Jean shook the recipients' hands, said a few words to them, and pinned the medals to their uniforms. They then shook hands with Prime Minister Stephen Harper, and Chief of Defence Staff Gen. Walter Natynczyk.

"You have made unimaginable sacrifices in the name of justice and freedom. Your families have done the same," Jean said in a speech.

She said she saw familiar faces in the group, and has met with families of soldiers who have lost a loved one.

"Many of you have shared your pain with me. Time eases the pain, but it never goes away," she said.

"You are not alone. Those of you who are wounded also are not alone. We know the price you have paid," she said.

"Know that Canadians share this pain and pride with you."

Harper thanked the soldiers, for "bringing light and hope to people who have long known only darkness and despair."

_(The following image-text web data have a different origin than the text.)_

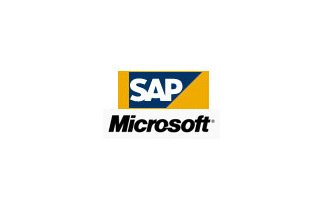 米SAPと米Microsoft、銀行向けSOA活用を支援するBanking Industry Architecture Networkを発足 画像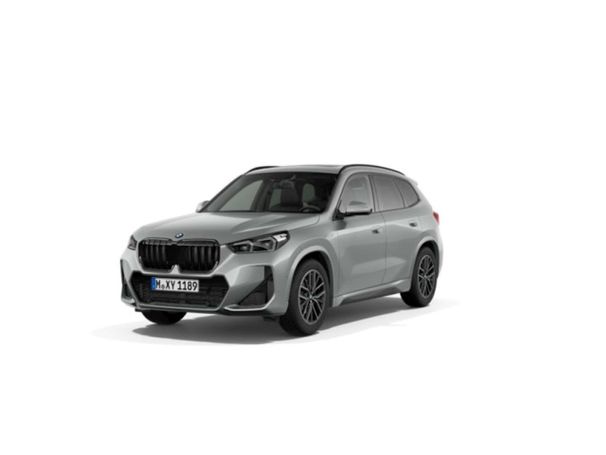 BMW X1 sDrive18d 110 kW image number 1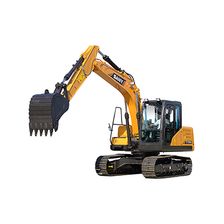 Экскаватор SANY SY75С - изображение 2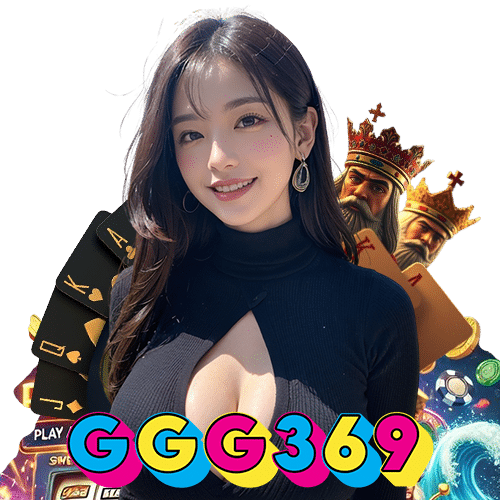 ggg369 สล็อต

"Thank you for giving so much of yourself, perhaps even more than you thought you had to give in service of your fellow human beings," the prime minister said.

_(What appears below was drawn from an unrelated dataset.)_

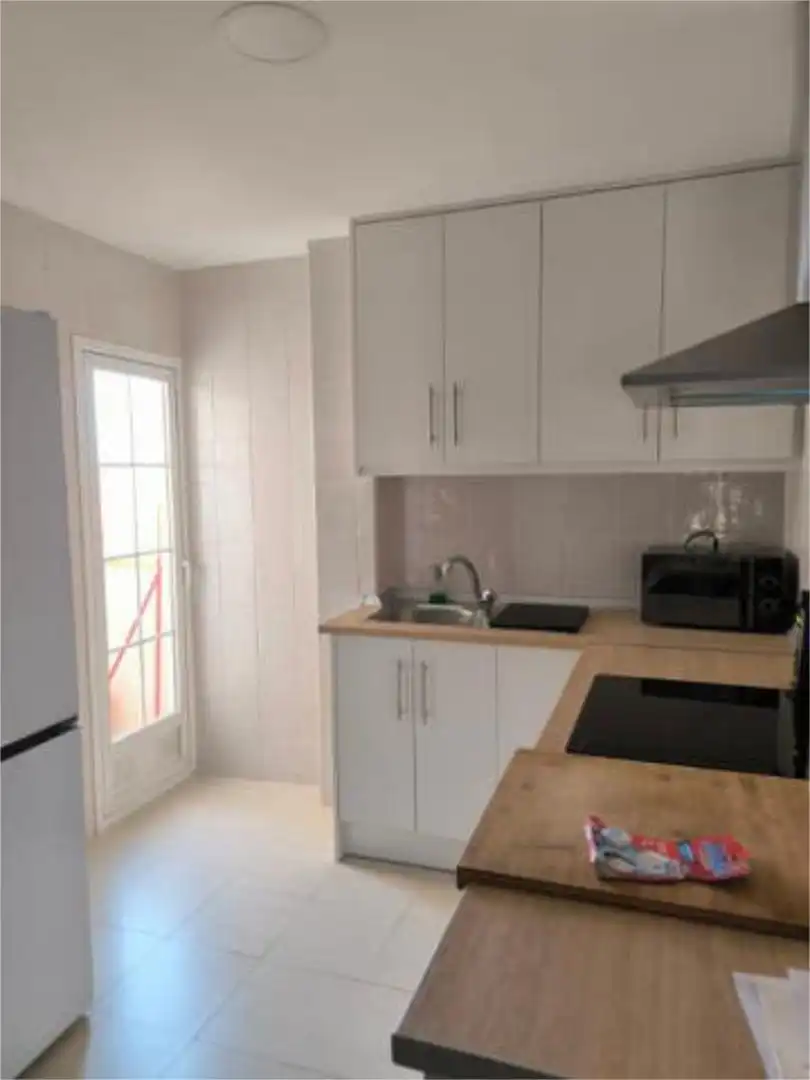 Pis de 69 m² a Motril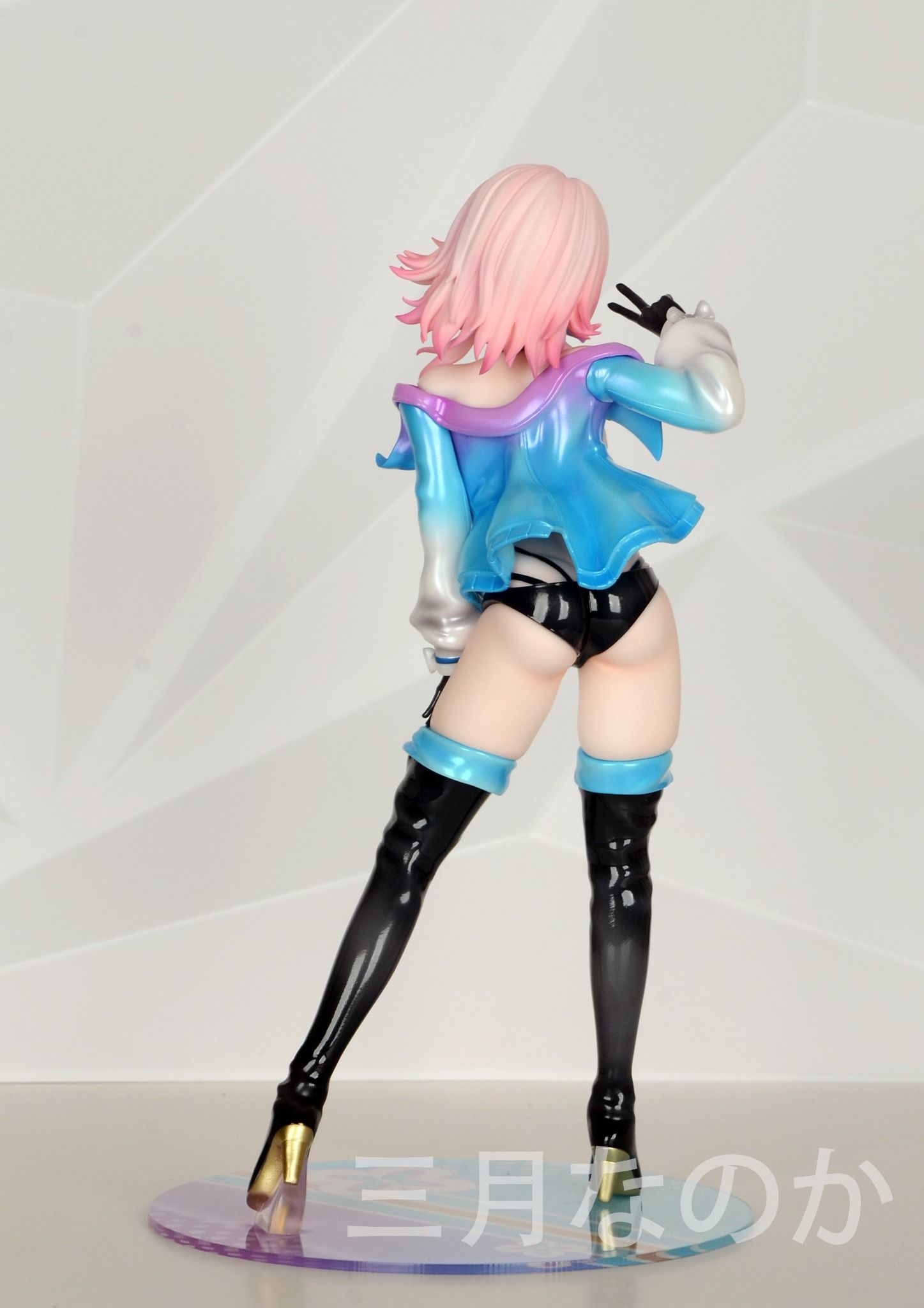 March 7th - Honkai Star Rail R18 - HM Studio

Ben Walsh fought the government for more than a year to have the criteria expanded to include all soldiers who have died in Afghanistan. His son, Jeffrey, died in an accidental shooting there in 2006. The medal was originally meant to honour only those who were killed or wounded by hostile fire.

Walsh, who is from Saskatchewan was in Ottawa to accept the medal from Jean. He says he will give the medal to Jeffrey's widow Julie, and their three kids so they will know about their dad's sacrifice.

The medal is a silver circle, with Queen Elizabeth on one side, and  a representation of the statue named "Canada" that forms part of the Canadian National Vimy Memorial is on the other side. The inscription "sacrifice" appears in the lower right half of the medal.

Dr. Glyn Berry, a diplomat who was killed by a suicide bomber in Afghanistan in 2006 also received a medal.

"The Sacrifice medal means my hard work and suffering is recognized," said Lieut. Trevor Greene. He was attacked by a man wielding an axe during a meeting with tribal elders in Afghanistan.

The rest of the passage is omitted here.